→ Aim of the exercise: Retype, exactly as they appear below, the lines between the line holding "24V DC, 6W LED Driver With Metal Case" and the line holding "Novartis adquire a", both ends included.

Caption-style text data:
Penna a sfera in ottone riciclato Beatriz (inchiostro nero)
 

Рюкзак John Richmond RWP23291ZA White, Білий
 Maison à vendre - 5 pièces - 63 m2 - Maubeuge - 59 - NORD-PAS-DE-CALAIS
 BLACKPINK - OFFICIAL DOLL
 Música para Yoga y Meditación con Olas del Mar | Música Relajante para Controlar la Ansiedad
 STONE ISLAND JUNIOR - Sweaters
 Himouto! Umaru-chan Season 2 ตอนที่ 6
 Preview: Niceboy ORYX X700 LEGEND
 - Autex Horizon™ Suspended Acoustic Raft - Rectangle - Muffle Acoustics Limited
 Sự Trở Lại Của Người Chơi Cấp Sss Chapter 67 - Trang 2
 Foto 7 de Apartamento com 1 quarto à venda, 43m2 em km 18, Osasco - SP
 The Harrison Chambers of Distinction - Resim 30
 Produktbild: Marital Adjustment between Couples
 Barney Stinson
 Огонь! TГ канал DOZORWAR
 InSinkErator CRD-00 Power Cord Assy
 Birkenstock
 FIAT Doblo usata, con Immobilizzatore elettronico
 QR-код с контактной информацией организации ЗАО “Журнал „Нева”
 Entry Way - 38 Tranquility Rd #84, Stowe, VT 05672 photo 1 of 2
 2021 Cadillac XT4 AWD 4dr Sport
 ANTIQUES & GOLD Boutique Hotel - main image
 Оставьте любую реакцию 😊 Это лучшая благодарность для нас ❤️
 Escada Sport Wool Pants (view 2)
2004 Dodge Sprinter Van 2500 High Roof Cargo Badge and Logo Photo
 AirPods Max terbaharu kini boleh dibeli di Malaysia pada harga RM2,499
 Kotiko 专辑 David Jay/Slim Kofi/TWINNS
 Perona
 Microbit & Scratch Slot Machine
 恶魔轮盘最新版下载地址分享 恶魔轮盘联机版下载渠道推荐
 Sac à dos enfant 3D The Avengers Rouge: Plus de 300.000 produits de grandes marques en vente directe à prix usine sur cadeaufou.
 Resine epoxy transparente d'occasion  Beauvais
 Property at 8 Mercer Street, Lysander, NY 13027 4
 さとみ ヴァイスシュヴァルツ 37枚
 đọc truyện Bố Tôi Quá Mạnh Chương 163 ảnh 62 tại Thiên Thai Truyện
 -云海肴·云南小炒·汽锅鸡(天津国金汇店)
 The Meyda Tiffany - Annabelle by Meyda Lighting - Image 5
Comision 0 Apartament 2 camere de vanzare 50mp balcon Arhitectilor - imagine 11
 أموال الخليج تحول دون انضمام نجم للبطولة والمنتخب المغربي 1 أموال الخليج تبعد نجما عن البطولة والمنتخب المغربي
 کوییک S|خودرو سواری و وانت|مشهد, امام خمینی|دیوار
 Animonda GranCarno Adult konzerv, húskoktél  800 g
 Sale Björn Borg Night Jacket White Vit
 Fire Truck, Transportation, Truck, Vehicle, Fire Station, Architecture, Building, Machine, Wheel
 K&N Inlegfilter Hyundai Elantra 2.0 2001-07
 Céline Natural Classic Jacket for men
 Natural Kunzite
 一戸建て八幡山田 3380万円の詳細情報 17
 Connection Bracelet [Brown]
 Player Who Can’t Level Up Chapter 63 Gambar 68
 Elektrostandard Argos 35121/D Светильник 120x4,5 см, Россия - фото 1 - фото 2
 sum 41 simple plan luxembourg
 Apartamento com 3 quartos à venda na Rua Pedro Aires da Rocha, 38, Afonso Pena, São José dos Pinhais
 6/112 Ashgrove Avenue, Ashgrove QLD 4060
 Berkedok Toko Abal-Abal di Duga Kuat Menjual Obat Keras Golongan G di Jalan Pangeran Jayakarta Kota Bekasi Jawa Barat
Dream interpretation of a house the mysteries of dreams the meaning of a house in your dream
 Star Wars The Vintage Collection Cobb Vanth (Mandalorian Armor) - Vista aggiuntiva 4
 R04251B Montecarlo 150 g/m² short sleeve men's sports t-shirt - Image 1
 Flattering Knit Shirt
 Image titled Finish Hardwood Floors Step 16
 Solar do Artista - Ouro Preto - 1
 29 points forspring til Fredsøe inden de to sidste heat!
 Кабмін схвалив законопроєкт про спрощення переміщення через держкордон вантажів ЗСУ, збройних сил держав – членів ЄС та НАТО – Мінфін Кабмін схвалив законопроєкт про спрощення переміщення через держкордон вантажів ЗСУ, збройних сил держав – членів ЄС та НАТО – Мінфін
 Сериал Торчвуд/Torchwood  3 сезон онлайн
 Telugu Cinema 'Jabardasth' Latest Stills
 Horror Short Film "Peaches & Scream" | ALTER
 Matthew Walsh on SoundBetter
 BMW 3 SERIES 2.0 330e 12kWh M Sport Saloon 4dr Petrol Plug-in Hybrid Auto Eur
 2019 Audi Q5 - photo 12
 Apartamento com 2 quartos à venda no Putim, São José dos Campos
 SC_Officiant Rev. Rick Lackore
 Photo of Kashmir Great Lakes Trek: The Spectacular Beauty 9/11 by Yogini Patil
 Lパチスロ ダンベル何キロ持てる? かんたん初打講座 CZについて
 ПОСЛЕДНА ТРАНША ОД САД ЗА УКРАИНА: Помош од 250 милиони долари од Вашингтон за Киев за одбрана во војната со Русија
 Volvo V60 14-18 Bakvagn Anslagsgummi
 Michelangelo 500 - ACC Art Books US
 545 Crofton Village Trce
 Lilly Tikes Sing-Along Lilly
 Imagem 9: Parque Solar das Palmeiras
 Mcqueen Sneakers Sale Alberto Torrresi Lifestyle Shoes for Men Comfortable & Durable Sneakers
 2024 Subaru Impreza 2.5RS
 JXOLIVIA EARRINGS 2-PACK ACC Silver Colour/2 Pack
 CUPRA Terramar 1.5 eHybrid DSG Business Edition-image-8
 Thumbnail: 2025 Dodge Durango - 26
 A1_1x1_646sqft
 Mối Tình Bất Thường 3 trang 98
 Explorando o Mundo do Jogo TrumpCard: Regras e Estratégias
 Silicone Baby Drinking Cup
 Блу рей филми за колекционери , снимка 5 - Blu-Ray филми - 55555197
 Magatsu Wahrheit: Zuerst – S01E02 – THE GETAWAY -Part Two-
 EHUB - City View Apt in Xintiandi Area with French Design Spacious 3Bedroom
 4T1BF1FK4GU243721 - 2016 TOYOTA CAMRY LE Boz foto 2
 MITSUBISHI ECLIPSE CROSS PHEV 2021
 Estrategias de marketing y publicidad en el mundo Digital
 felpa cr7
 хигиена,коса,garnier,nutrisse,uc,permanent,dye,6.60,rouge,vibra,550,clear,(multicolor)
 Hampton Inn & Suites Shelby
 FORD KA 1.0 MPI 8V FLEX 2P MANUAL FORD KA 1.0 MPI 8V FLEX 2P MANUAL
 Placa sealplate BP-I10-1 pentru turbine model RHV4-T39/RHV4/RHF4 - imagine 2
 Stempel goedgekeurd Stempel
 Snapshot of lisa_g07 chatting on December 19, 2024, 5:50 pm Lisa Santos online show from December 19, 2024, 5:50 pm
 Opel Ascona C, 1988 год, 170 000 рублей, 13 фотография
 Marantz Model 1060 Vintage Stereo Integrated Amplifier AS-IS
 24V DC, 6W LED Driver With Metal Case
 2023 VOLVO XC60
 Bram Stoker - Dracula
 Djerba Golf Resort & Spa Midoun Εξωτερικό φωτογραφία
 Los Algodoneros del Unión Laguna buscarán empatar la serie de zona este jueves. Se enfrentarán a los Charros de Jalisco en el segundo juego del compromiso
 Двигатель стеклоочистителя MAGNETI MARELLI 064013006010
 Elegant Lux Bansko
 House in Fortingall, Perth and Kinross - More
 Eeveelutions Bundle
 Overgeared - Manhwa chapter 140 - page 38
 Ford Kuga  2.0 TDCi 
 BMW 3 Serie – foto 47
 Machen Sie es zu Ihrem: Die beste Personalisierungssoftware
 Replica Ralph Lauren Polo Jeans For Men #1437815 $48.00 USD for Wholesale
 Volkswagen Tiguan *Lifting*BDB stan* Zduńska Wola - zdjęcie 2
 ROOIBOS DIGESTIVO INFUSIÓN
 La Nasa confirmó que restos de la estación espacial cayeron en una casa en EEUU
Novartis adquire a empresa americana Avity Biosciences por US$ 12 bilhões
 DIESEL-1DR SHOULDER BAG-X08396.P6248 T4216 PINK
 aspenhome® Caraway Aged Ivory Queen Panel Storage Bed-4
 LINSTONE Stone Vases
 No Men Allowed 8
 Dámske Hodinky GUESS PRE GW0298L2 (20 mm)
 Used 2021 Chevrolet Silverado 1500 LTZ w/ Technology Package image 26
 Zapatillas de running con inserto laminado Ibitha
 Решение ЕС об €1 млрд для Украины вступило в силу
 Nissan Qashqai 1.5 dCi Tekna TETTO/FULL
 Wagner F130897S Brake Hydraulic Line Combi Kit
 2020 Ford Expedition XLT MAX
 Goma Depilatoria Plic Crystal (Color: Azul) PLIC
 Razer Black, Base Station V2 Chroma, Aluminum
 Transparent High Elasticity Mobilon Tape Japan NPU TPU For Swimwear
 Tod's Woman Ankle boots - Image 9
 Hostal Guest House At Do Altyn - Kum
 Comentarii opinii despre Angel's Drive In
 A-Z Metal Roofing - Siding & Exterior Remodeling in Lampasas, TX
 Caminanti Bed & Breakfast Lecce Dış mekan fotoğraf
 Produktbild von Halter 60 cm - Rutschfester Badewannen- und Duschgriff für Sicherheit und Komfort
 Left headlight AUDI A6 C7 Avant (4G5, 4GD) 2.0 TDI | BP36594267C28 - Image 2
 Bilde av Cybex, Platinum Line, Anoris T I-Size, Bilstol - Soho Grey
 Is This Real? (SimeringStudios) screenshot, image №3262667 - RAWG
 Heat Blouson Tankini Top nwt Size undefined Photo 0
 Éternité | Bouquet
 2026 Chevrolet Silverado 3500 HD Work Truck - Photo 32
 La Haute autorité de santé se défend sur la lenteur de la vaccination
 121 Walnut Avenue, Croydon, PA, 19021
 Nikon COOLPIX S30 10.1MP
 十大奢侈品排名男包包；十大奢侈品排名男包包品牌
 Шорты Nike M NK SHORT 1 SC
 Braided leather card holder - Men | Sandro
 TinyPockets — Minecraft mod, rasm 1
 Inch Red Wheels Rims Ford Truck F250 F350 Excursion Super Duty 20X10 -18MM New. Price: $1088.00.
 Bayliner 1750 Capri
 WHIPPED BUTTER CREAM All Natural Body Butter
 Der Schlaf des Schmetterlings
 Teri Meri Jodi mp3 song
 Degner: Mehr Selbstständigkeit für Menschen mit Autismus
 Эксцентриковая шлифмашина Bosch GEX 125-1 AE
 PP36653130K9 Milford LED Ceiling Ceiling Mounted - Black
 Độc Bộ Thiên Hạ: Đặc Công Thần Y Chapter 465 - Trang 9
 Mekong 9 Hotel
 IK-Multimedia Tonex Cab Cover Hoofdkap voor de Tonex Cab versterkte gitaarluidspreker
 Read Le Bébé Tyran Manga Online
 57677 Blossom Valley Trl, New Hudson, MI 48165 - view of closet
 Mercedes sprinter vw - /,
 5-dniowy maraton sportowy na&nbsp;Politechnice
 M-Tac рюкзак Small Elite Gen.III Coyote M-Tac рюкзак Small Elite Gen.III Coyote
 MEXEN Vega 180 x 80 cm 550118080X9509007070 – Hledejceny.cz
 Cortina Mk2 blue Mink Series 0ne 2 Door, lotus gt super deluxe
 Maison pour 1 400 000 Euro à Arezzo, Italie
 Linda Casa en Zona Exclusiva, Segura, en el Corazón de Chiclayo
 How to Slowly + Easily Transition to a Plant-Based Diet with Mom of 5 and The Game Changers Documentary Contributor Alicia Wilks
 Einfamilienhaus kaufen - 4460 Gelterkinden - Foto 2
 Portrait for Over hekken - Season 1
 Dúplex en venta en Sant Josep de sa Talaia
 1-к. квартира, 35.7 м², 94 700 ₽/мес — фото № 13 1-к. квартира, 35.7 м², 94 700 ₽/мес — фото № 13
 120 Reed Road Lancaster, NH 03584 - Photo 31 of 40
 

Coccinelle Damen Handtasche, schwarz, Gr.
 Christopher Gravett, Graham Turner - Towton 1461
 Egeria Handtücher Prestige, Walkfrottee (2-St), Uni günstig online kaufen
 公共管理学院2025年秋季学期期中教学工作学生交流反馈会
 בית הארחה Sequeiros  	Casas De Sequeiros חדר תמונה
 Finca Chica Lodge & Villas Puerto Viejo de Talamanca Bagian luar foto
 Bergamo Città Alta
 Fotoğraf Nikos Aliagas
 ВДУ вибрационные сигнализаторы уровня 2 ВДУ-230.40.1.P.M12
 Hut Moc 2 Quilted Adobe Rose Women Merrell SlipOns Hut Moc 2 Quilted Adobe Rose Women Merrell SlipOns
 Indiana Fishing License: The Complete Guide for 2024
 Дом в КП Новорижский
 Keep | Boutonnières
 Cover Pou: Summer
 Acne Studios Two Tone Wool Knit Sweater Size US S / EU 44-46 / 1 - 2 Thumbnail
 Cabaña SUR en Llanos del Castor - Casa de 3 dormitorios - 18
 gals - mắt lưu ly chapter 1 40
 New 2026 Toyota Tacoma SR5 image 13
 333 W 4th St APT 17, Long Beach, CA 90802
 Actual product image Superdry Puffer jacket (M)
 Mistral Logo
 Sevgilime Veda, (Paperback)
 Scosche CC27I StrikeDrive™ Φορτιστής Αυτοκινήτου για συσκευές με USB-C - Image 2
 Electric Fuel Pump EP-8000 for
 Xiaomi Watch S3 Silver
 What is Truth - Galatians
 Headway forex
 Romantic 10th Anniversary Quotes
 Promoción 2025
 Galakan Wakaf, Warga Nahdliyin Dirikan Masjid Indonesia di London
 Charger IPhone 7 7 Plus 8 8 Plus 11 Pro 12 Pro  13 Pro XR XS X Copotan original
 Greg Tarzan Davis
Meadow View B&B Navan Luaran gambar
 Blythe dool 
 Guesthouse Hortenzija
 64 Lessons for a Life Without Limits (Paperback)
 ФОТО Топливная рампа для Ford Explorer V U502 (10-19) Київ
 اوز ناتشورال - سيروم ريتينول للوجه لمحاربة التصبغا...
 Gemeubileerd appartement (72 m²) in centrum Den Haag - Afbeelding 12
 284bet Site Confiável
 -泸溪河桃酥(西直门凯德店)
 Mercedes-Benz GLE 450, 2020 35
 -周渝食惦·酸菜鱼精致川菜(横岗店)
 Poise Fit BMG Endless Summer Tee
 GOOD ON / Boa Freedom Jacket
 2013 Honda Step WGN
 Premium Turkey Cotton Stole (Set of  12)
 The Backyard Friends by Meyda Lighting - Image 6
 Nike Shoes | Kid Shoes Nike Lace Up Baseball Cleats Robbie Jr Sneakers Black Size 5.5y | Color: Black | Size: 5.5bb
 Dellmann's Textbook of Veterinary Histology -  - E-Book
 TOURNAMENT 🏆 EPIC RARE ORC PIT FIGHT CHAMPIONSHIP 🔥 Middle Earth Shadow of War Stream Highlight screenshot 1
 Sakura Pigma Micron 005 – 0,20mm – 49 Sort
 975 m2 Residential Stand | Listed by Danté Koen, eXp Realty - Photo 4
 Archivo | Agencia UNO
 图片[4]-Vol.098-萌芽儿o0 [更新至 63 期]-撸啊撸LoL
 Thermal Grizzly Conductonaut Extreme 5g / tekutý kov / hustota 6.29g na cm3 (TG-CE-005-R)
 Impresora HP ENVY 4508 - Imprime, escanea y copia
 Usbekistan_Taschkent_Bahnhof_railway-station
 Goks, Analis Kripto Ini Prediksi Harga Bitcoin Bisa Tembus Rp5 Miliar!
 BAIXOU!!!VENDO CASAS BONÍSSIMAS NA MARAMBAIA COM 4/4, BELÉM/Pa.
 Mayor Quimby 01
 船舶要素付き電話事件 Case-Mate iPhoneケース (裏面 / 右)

→ Response to this exercise:
 24V DC, 6W LED Driver With Metal Case
 2023 VOLVO XC60
 Bram Stoker - Dracula
 Djerba Golf Resort & Spa Midoun Εξωτερικό φωτογραφία
 Los Algodoneros del Unión Laguna buscarán empatar la serie de zona este jueves. Se enfrentarán a los Charros de Jalisco en el segundo juego del compromiso
 Двигатель стеклоочистителя MAGNETI MARELLI 064013006010
 Elegant Lux Bansko
 House in Fortingall, Perth and Kinross - More
 Eeveelutions Bundle
 Overgeared - Manhwa chapter 140 - page 38
 Ford Kuga  2.0 TDCi 
 BMW 3 Serie – foto 47
 Machen Sie es zu Ihrem: Die beste Personalisierungssoftware
 Replica Ralph Lauren Polo Jeans For Men #1437815 $48.00 USD for Wholesale
 Volkswagen Tiguan *Lifting*BDB stan* Zduńska Wola - zdjęcie 2
 ROOIBOS DIGESTIVO INFUSIÓN
 La Nasa confirmó que restos de la estación espacial cayeron en una casa en EEUU
Novartis adquire a empresa americana Avity Biosciences por US$ 12 bilhões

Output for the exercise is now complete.